When people think of mentoring they often imagine a wise, experienced person passing along knowledge and advice to someone more junior. And while that might be true in some cases, it’s not the only case.
In fact, Peer mentoring or Co-mentoring is a relationship in which both people are committed to learning from each other and helping the other one reach their goals. It’s a supportive relationship between two people of similar seniority/experience, sharing that knowledge and experience. It also provides an opportunity to get a different perspective. First made popular by universities, peer mentoring is starting to get more play in professional environments as well.
While your peer mentor doesn't have to be at your exact work level, there is an advantage to mentoring and being mentored by a person who has roughly the same amount of experience that you have. You both face similar challenges, you can truly understand your peer mentor; his goals, obstacles, and challenges. You can both share your experience and help the other navigate and learn from your successes and failures. Both participants work as equals which can be less intimidating than traditional mentoring.
How to find the right Peer Mentor
If you want to start a peer mentorship, the first step is to find the right Peer Mentor. Consider someone who shares work experience with you but can offer a different perspective on the challenges you face. It's helpful to find someone who has a different background. Remember that this relationship is meant to push you so don't look for someone whose career experiences are identical to yours.
Define the purpose of the relationship
Defining each person’s goals is an essential part of any mentoring process. At the beginning of the peer relationship, both individuals should discuss what they want to accomplish and get out of the relationship. Like in any kind of relationship, communication is key. You both need to be on the same page.

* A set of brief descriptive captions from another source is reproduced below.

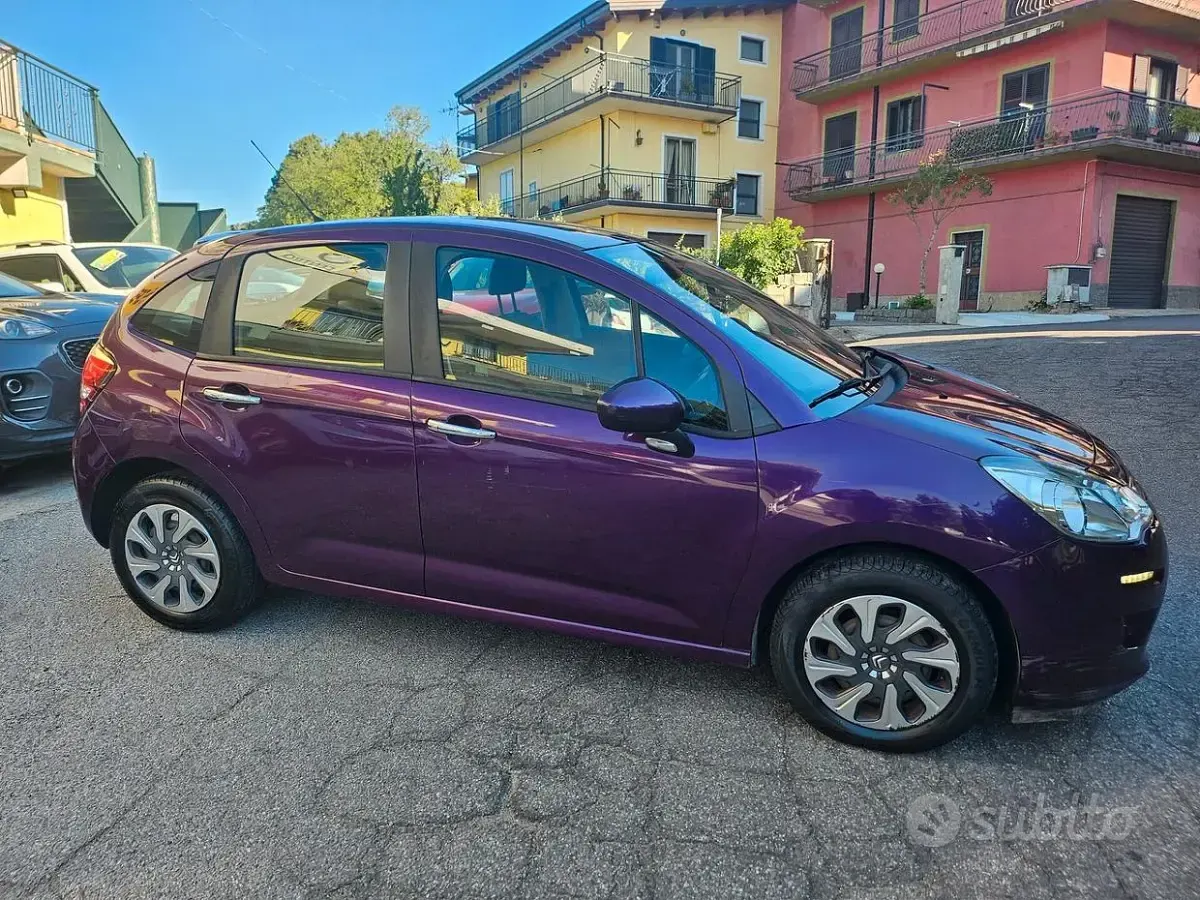 Usata Citroën C3 PureTech 68 CV (50 kW) 2015 Viola Berlina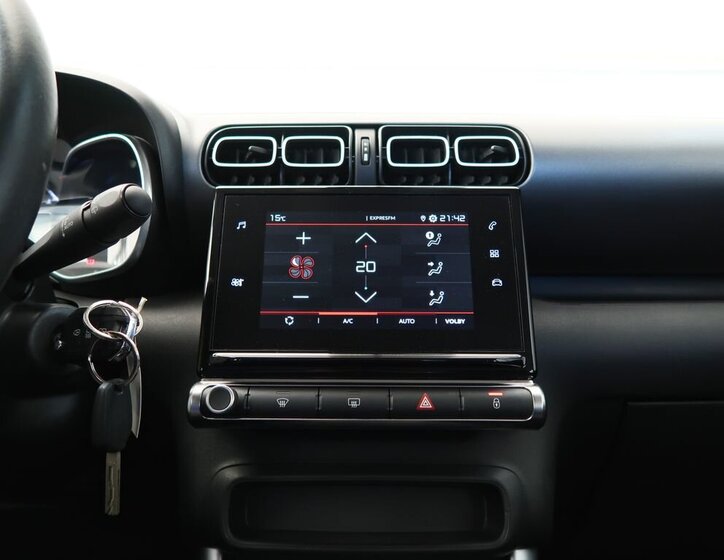 Citroën C3 Aircross SUV / Terénní 1,2 l 81 kw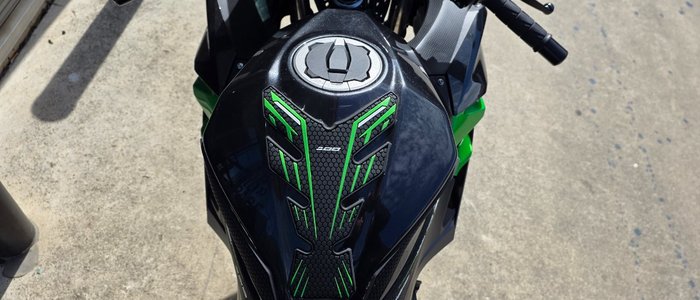 2023 Kawasaki NINJA 400 GREY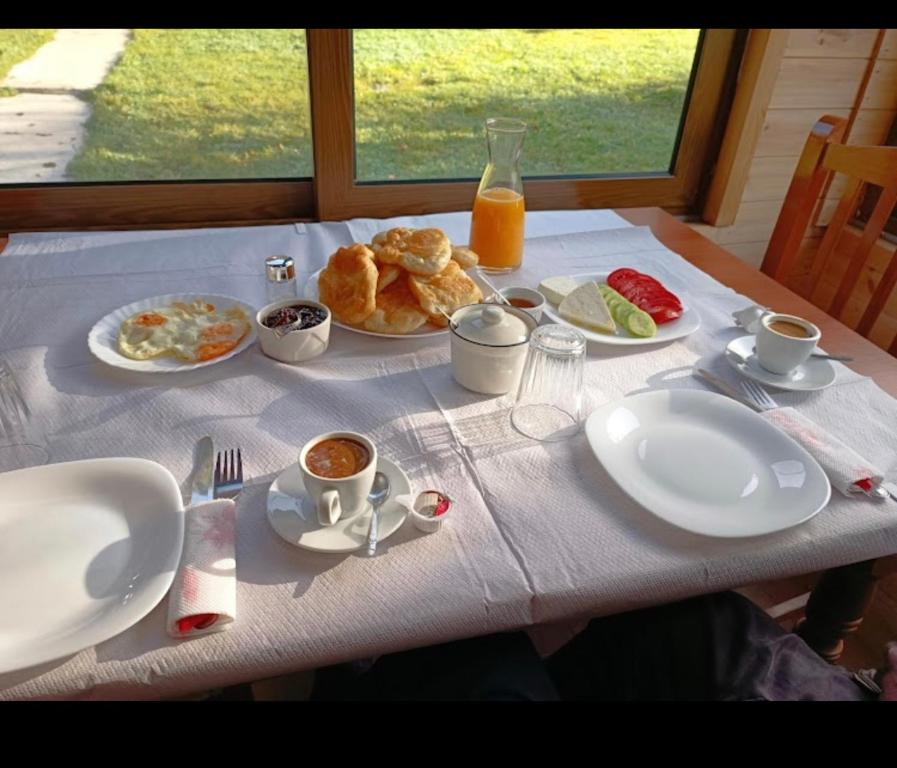 Jídlo v bed and breakfast nebo okolí
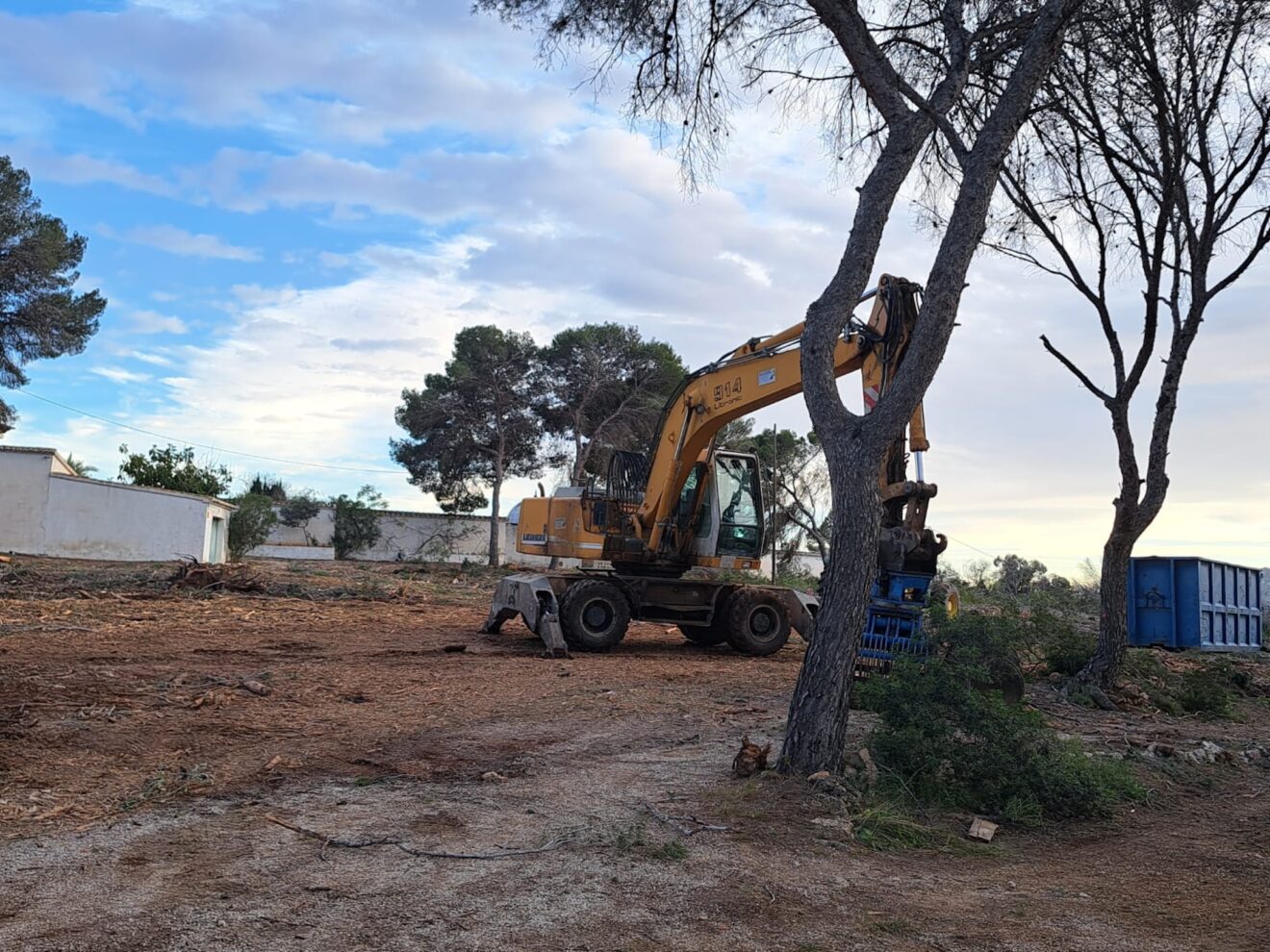 Maquinaria trabajando en el lugar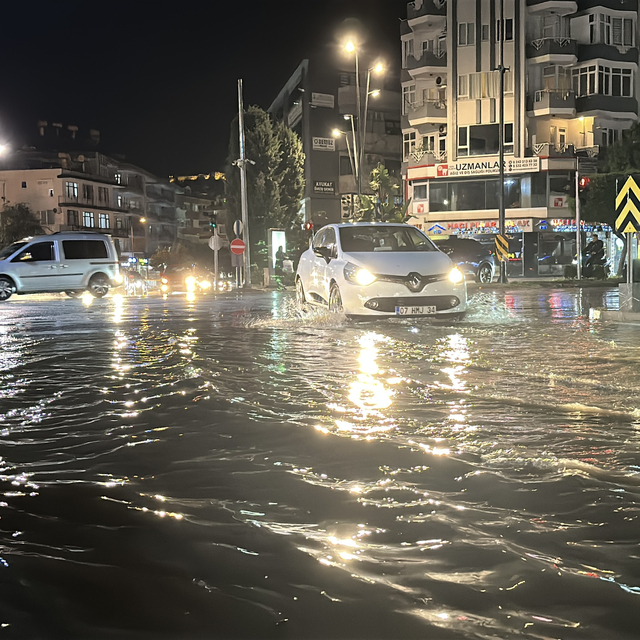 Antalya'da sağanak; şimşekler gökyüzünü aydınlattı (2)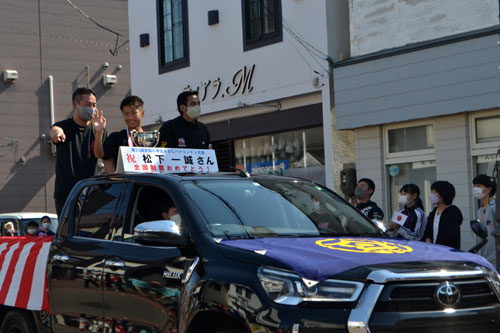 町民ら松下選手(白糠学園6年)祝福 全国バドミントン制覇でパレード (2022-09-30)
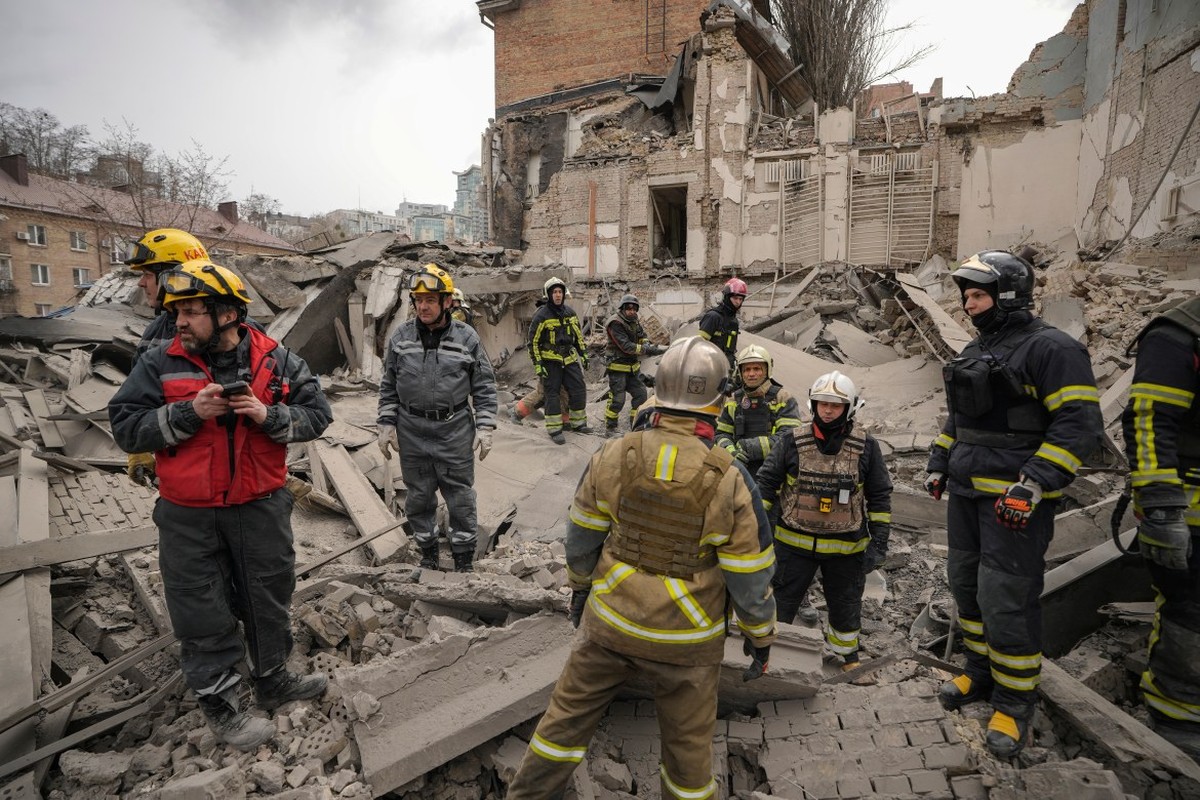 View - 	Cảnh thủ đô Ukraine hoang tàn khi Nga dồn dập oanh kích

The structure of your meetings should also be discussed - you can decide to take turns each session to act as mentor/mentee with the mentee coming prepared with a dilemma they want to work through. Or you can both address a problem together in a session similar to a brainstorm,
Peer mentoring is a mutual learning experience, a mutually beneficial relationship that can advance your career and the career of your peer mentor. It's a great environment for co-learning, knowledge sharing, and mutual support.